Prepare data for UpSet plots

upset_data(
  data,
  intersect,
  min_size = 0,
  max_size = Inf,
  min_degree = 0,
  max_degree = Inf,
  n_intersections = NULL,
  keep_empty_groups = FALSE,
  warn_when_dropping_groups = FALSE,
  warn_when_converting = "auto",
  sort_sets = "descending",
  sort_intersections = "descending",
  sort_intersections_by = "cardinality",
  sort_ratio_numerator = "exclusive_intersection",
  sort_ratio_denominator = "inclusive_union",
  group_by = "degree",
  mode = "exclusive_intersection",
  size_columns_suffix = "_size",
  encode_sets = FALSE,
  max_combinations_datapoints_n = 10^10,
  intersections = "observed"
)

Arguments

data

a dataframe including binary columns representing membership in classes

intersect

which columns should be used to compose the intersection

min_size

minimal number of observations in an intersection for it to be included

max_size

maximal number of observations in an intersection for it to be included

min_degree

minimal degree of an intersection for it to be included

max_degree

maximal degree of an intersection for it to be included

n_intersections

the exact number of the intersections to be displayed; n largest intersections that meet the size and degree criteria will be shown

keep_empty_groups

whether empty sets should be kept (including sets which are only empty after filtering by size)

warn_when_dropping_groups

whether a warning should be issued when empty sets are being removed

warn_when_converting

whether a warning should be issued when input is not boolean

sort_sets

whether to sort the rows in the intersection matrix (descending sort by default); one of: 'ascending', 'descending', FALSE

sort_intersections

whether to sort the columns in the intersection matrix (descending sort by default); one of: 'ascending', 'descending', FALSE

sort_intersections_by

the mode of sorting, the size of the intersection (cardinality) by default; one of: 'cardinality', 'degree', 'ratio', or any combination of these (e.g. c('degree', 'cardinality'))

sort_ratio_numerator

the mode for numerator when sorting by ratio

sort_ratio_denominator

the mode for denominator when sorting by ratio

group_by

the mode of grouping intersections; one of: 'degree', 'sets'

mode

region selection mode for sorting and trimming by size. See get_size_mode() for accepted values.

size_columns_suffix

suffix for the columns to store the sizes (adjust if conflicts with your data)

encode_sets

whether set names (column in input data) should be encoded as numbers (set to TRUE to overcome R limitations of max 10 kB for variable names for datasets with huge numbers of sets); default TRUE for upset() and FALSE for upset_data()

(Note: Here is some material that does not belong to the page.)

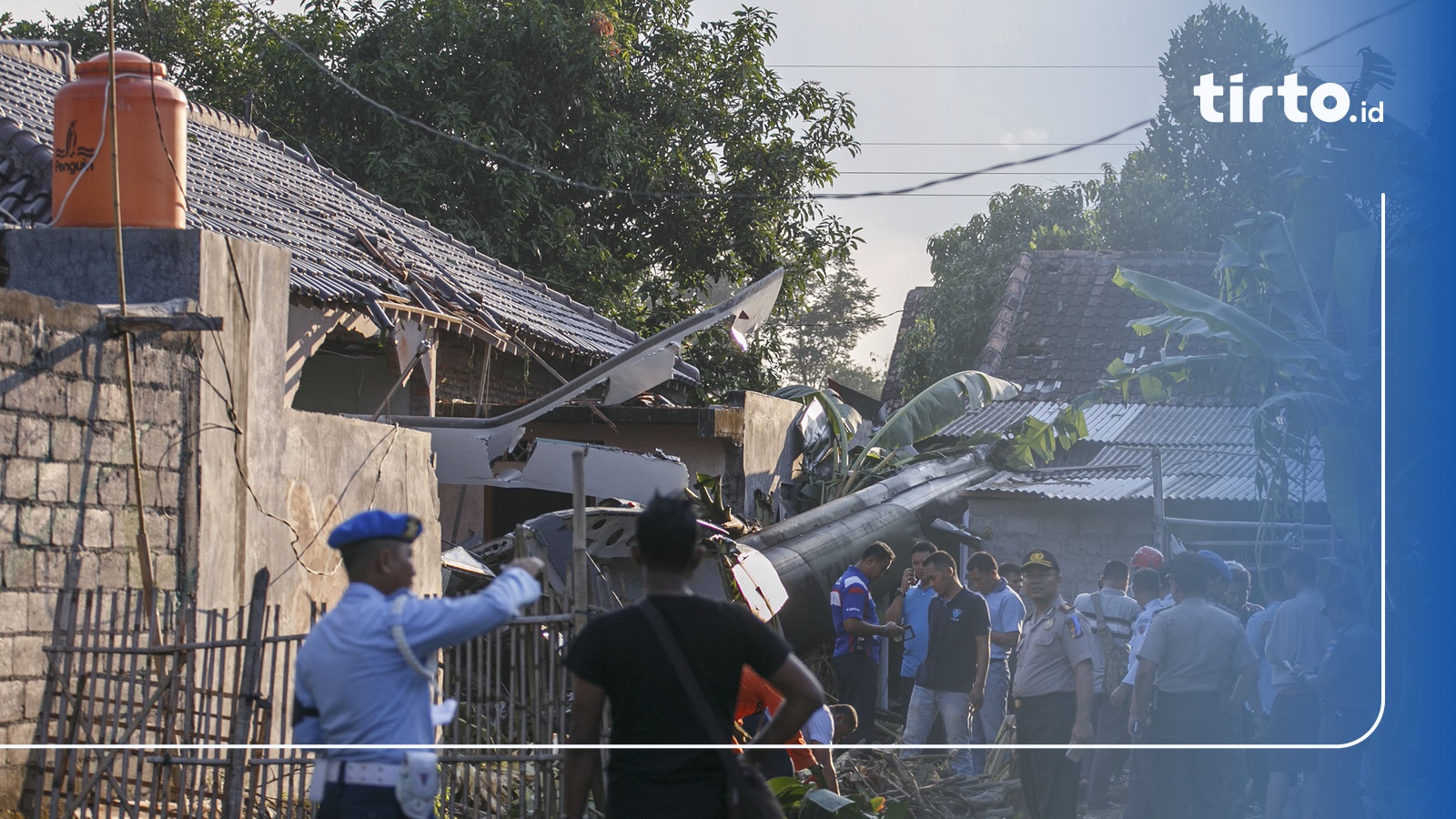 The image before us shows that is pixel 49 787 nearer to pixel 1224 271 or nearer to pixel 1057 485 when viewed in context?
pixel 1224 271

max_combinations_datapoints_n

a fail-safe limit preventing accidental use of intersections='all' with a high number of sets and observations

intersections

whether only the intersections present in data (observed, default), or all intersections (all) should be computed; using all intersections for a high number of sets is not computationally feasible - use min_degree and max_degree to narrow down the selection; this is only useful for modes different from the default exclusive intersection. You can also provide a list with a custom selection of intersections (order is respected when you set sort_intersections=FALSE)